• [WHAT IS BEING ASKED]:
What lines of the data below hold the string "with"? Copy each one out.

GIVEN INFORMATION below:

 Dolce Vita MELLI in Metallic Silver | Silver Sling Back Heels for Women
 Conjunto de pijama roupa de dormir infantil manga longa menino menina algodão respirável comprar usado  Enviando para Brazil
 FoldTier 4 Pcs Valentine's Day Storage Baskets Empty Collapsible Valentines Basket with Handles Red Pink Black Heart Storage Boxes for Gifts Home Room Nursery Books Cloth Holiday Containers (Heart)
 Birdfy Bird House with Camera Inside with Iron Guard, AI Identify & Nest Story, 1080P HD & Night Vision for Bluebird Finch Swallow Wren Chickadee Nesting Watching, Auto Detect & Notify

End of GIVEN INFORMATION.

• [RESULT]:
 FoldTier 4 Pcs Valentine's Day Storage Baskets Empty Collapsible Valentines Basket with Handles Red Pink Black Heart Storage Boxes for Gifts Home Room Nursery Books Cloth Holiday Containers (Heart)
 Birdfy Bird House with Camera Inside with Iron Guard, AI Identify & Nest Story, 1080P HD & Night Vision for Bluebird Finch Swallow Wren Chickadee Nesting Watching, Auto Detect & Notify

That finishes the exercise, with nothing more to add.